**Task to carry out**: Exactly as written, retype all of the records that come next.

-------- Records for this task --------

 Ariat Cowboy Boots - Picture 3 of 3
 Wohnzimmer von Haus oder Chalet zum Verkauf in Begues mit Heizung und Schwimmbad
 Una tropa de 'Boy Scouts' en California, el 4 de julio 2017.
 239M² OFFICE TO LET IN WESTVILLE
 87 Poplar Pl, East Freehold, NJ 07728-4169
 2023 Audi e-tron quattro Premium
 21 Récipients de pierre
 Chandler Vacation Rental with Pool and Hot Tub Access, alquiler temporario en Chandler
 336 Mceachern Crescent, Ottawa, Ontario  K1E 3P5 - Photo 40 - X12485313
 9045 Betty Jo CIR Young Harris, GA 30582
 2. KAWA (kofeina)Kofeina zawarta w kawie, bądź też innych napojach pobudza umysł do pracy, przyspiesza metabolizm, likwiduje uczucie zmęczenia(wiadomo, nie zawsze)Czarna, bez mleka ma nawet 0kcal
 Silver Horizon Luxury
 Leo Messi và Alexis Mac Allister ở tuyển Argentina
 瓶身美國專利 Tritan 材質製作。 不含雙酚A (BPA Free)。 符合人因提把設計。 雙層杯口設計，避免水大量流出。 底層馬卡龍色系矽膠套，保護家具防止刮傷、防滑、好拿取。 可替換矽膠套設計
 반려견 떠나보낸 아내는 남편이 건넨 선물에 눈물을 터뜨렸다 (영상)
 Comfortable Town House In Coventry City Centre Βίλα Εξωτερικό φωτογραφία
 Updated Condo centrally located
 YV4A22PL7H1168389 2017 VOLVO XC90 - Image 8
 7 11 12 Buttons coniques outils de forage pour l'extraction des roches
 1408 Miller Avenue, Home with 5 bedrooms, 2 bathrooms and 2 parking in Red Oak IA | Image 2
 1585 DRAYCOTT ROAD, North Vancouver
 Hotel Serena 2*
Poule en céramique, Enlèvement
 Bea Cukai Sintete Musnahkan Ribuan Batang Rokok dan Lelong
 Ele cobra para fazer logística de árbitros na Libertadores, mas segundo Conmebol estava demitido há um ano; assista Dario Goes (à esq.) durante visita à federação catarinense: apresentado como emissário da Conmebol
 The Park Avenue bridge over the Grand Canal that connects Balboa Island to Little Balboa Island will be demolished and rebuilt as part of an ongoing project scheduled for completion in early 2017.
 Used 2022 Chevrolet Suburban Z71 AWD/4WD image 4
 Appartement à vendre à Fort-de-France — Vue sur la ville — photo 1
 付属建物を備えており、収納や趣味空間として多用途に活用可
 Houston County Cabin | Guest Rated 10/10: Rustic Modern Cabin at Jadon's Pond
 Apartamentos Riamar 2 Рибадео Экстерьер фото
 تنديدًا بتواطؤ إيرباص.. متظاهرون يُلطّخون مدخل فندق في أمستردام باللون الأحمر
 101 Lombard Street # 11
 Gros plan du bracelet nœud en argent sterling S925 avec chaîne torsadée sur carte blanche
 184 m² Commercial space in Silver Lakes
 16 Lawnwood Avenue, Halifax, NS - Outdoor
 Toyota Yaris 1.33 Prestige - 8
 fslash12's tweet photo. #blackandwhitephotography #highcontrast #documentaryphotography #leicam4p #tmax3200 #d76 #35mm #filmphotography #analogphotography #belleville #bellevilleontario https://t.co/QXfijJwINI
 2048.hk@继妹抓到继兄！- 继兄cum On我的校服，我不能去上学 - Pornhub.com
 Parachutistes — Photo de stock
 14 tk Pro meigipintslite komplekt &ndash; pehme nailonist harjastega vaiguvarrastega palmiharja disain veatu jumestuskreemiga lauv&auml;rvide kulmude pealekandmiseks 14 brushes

--------

**Written answer**:
 Ariat Cowboy Boots - Picture 3 of 3
 Wohnzimmer von Haus oder Chalet zum Verkauf in Begues mit Heizung und Schwimmbad
 Una tropa de 'Boy Scouts' en California, el 4 de julio 2017.
 239M² OFFICE TO LET IN WESTVILLE
 87 Poplar Pl, East Freehold, NJ 07728-4169
 2023 Audi e-tron quattro Premium
 21 Récipients de pierre
 Chandler Vacation Rental with Pool and Hot Tub Access, alquiler temporario en Chandler
 336 Mceachern Crescent, Ottawa, Ontario  K1E 3P5 - Photo 40 - X12485313
 9045 Betty Jo CIR Young Harris, GA 30582
 2. KAWA (kofeina)Kofeina zawarta w kawie, bądź też innych napojach pobudza umysł do pracy, przyspiesza metabolizm, likwiduje uczucie zmęczenia(wiadomo, nie zawsze)Czarna, bez mleka ma nawet 0kcal
 Silver Horizon Luxury
 Leo Messi và Alexis Mac Allister ở tuyển Argentina
 瓶身美國專利 Tritan 材質製作。 不含雙酚A (BPA Free)。 符合人因提把設計。 雙層杯口設計，避免水大量流出。 底層馬卡龍色系矽膠套，保護家具防止刮傷、防滑、好拿取。 可替換矽膠套設計
 반려견 떠나보낸 아내는 남편이 건넨 선물에 눈물을 터뜨렸다 (영상)
 Comfortable Town House In Coventry City Centre Βίλα Εξωτερικό φωτογραφία
 Updated Condo centrally located
 YV4A22PL7H1168389 2017 VOLVO XC90 - Image 8
 7 11 12 Buttons coniques outils de forage pour l'extraction des roches
 1408 Miller Avenue, Home with 5 bedrooms, 2 bathrooms and 2 parking in Red Oak IA | Image 2
 1585 DRAYCOTT ROAD, North Vancouver
 Hotel Serena 2*
Poule en céramique, Enlèvement
 Bea Cukai Sintete Musnahkan Ribuan Batang Rokok dan Lelong
 Ele cobra para fazer logística de árbitros na Libertadores, mas segundo Conmebol estava demitido há um ano; assista Dario Goes (à esq.) durante visita à federação catarinense: apresentado como emissário da Conmebol
 The Park Avenue bridge over the Grand Canal that connects Balboa Island to Little Balboa Island will be demolished and rebuilt as part of an ongoing project scheduled for completion in early 2017.
 Used 2022 Chevrolet Suburban Z71 AWD/4WD image 4
 Appartement à vendre à Fort-de-France — Vue sur la ville — photo 1
 付属建物を備えており、収納や趣味空間として多用途に活用可
 Houston County Cabin | Guest Rated 10/10: Rustic Modern Cabin at Jadon's Pond
 Apartamentos Riamar 2 Рибадео Экстерьер фото
 تنديدًا بتواطؤ إيرباص.. متظاهرون يُلطّخون مدخل فندق في أمستردام باللون الأحمر
 101 Lombard Street # 11
 Gros plan du bracelet nœud en argent sterling S925 avec chaîne torsadée sur carte blanche
 184 m² Commercial space in Silver Lakes
 16 Lawnwood Avenue, Halifax, NS - Outdoor
 Toyota Yaris 1.33 Prestige - 8
 fslash12's tweet photo. #blackandwhitephotography #highcontrast #documentaryphotography #leicam4p #tmax3200 #d76 #35mm #filmphotography #analogphotography #belleville #bellevilleontario https://t.co/QXfijJwINI
 2048.hk@继妹抓到继兄！- 继兄cum On我的校服，我不能去上学 - Pornhub.com
 Parachutistes — Photo de stock
 14 tk Pro meigipintslite komplekt &ndash; pehme nailonist harjastega vaiguvarrastega palmiharja disain veatu jumestuskreemiga lauv&auml;rvide kulmude pealekandmiseks 14 brushes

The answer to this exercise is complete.